[Available data]:
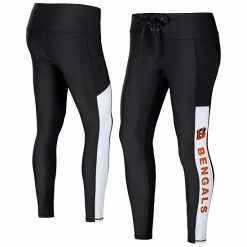 Best deal 🛒 Unbranded 👩 Women's WEAR By Erin Andrews Black Cincinnati Bengals Leggings 👍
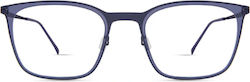 Modo Eyeglass Frame Blue 4120 NAVY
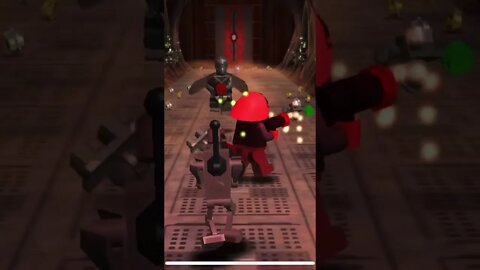 Rebel Trooper Gameplay - LEGO Star Wars: The Complete Saga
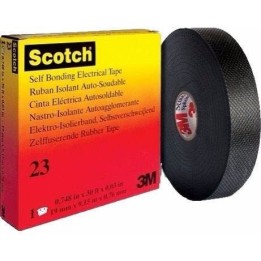3M ST-HB02-33M-001 Scotch 23 Self Amalgamating Electrical Tape 19mm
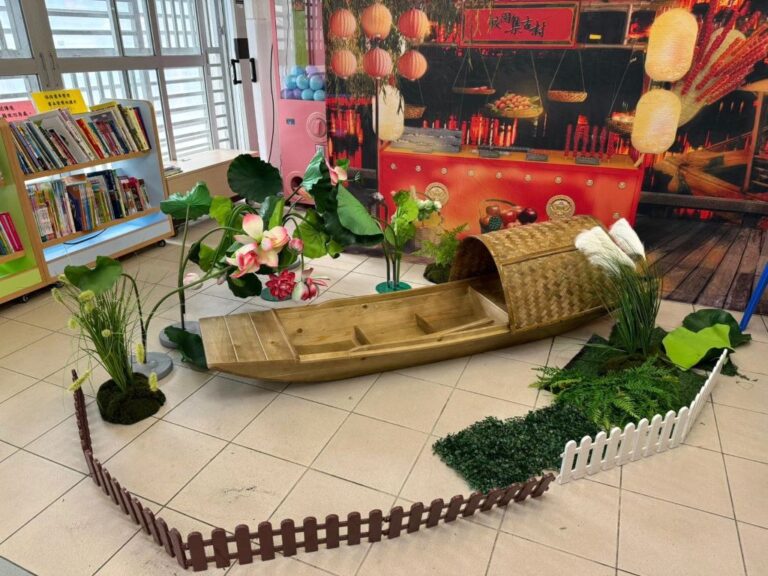 中華文化場景佈置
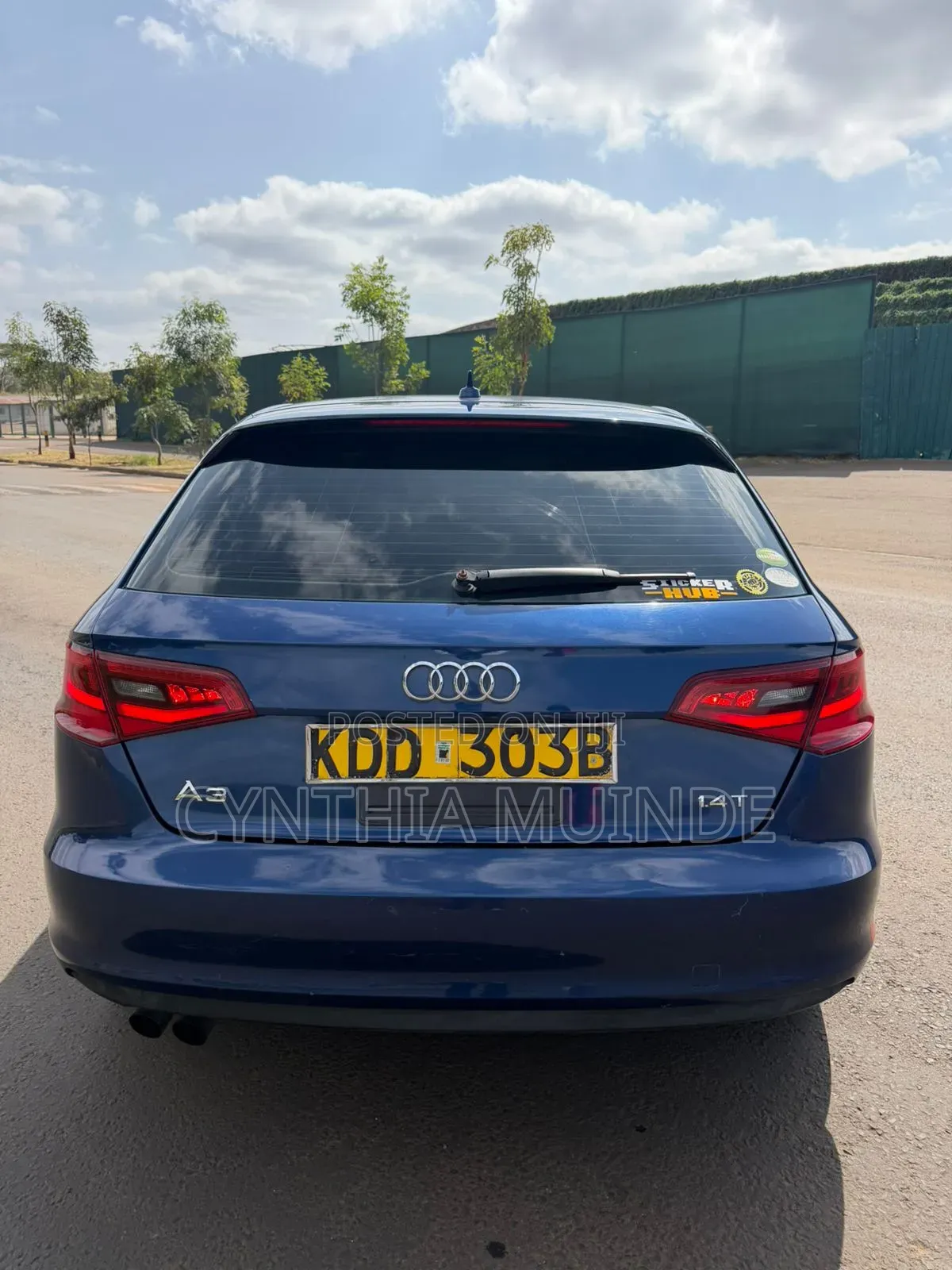 Audi A3 2014 Blue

[Description of the task]: Only the pictures are left behind; write out everything else in the records exactly.

[Output]:
 Best deal 🛒 Unbranded 👩 Women's WEAR By Erin Andrews Black Cincinnati Bengals Leggings 👍
 Modo Eyeglass Frame Blue 4120 NAVY
 Rebel Trooper Gameplay - LEGO Star Wars: The Complete Saga
3M ST-HB02-33M-001 Scotch 23 Self Amalgamating Electrical Tape 19mm
 中華文化場景佈置
 Audi A3 2014 Blue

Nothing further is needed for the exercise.